Caridad y solidaridad

Hoy me toca filosofar un rato. Me gustaría hacer una reflexión sobre la caridad y la solidaridad, bajo la perspectiva de cómo las percibo yo en mi día a día.

Si buscamos en el diccionario la definición de caridad, una de las entrada dice: “acción desinteresada de una persona en favor de otra que se encuentra desamparado”. Respecto a solidaridad, dice: “sentimiento que anima a una persona a ayudar a otra sin esperar nada a cambio”. ¿Dónde está, pues, la diferencia? Soy consciente de que ésta es muy sutil y que yo la establezco en base a mis propias sensaciones. Y aunque no me creo con la verdad absoluta sí creo que muchas personas la comparten conmigo. Pero también soy consciente de que para otras muchas lo que voy a decir ahora puede resultar insultante.

Para mí la caridad es una acción que alguien realiza hacia otra persona a la que ve como inferior. No es desinteresada, ya que espera el reconocimiento social y el agradecimiento de aquel que la recibe. La solidaridad no espera recibir nada a cambio porque la persona que la realiza ve al otro como un igual.

Por desgracia en nuestros días vemos actuaciones que se disfrazan como solidarias cuando realmente no son más que meros escaparates para tranquilizar conciencias o lo que es peor, desgravar en Hacienda. De verdad que me repatea cada vez que veo en alguna portada de Revistas del Corazón portadas tales como “el verano más solidario de Fulanito de tal” o “las vacaciones solidarias de Menganita de cual”. Ya sé que se me puede decir que hasta cierto punto tengo razón pero que otros, con igual o más dinero no lo hacen. De acuerdo. Algunos y algunas sólo son solidarios con los bancos de Suiza, Panamá o las Islas Caimán. Pero que no llamen a lo otro solidaridad o filantropía. Que le busquen otro nombre.

Y que conste que ante que yo alguien hizo hincapié en la diferencia: “En aquel tiempo, alzando Jesús la mirada, vio a unos ricos que echaban sus donativos en el arca del Tesoro; vio también a una viuda pobre que echaba allí dos moneditas, y dijo: De verdad os digo que esta viuda pobre ha echado más que todos.

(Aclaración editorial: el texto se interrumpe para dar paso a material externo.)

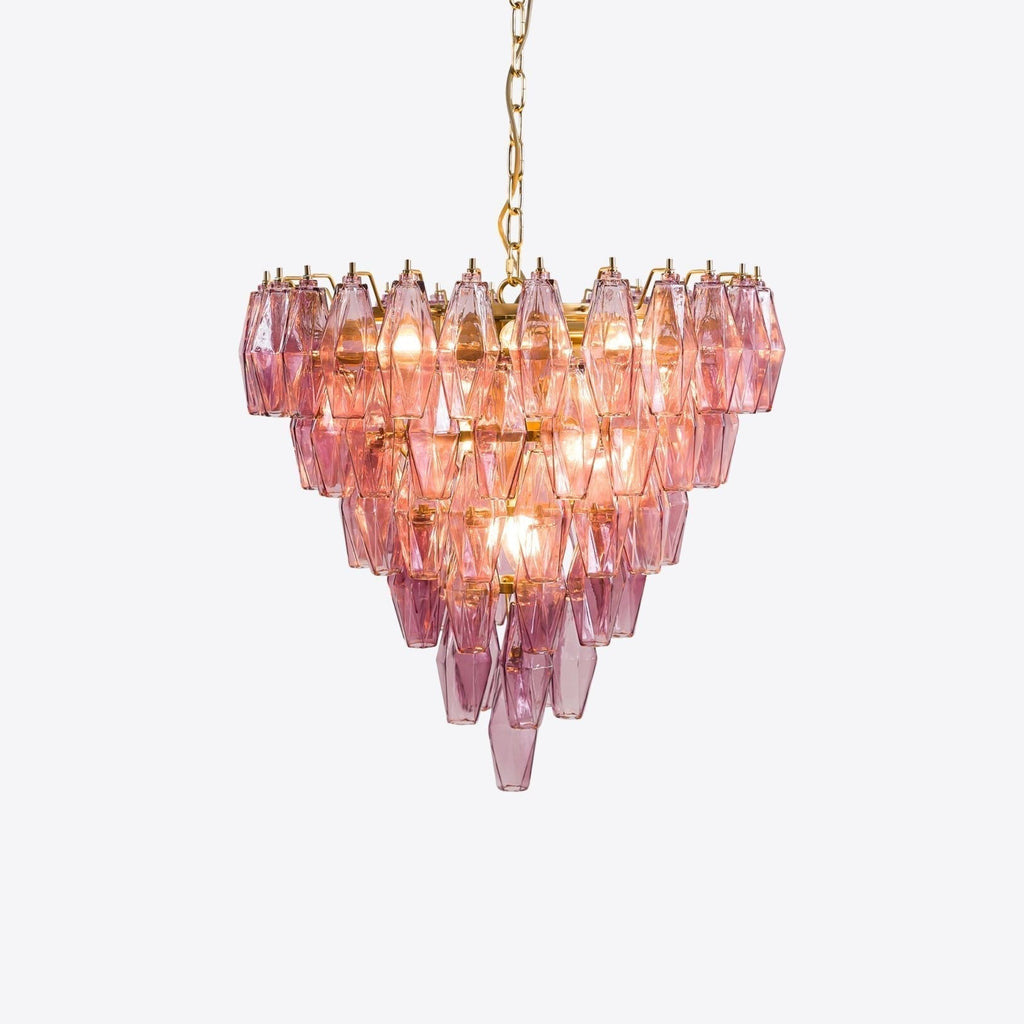 Aurora Lustre Rose Facetté Verre Superposé Vintage - Neutralighting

Porque todos éstos han echado como donativo de lo que les sobraba, ésta en cambio ha echado de lo que necesitaba, todo cuanto tenía para vivir”.

¿Y qué decir de aquellas personas que necesitan llenar su tiempo libre haciendo “acciones solidarias”. Queda muy bonito eso de contar que todas las semanas dedica un día a “servir” en un comedor social y seguidamente escuchar “menudo valor el tuyo”, “mira que eres buenzo”, “hay que aguantar a semejante gentuza”. Lo que no cuenta es que en el fondo no los aguanta y que son un montón de desagradecidos que “encima de que les damos de comer, se quejan”. No quiero decir con esto, ni mucho menos, que todas las personas que dedican parte de su tiempo sean así. Pero por desgracia, y aunque parezca mentira, las personas realmente solidarias en esos ámbitos, son las menos. En la mayoría de las casos, nos ven como seres inferiores. O al menos, ésa es la impresión que transmiten.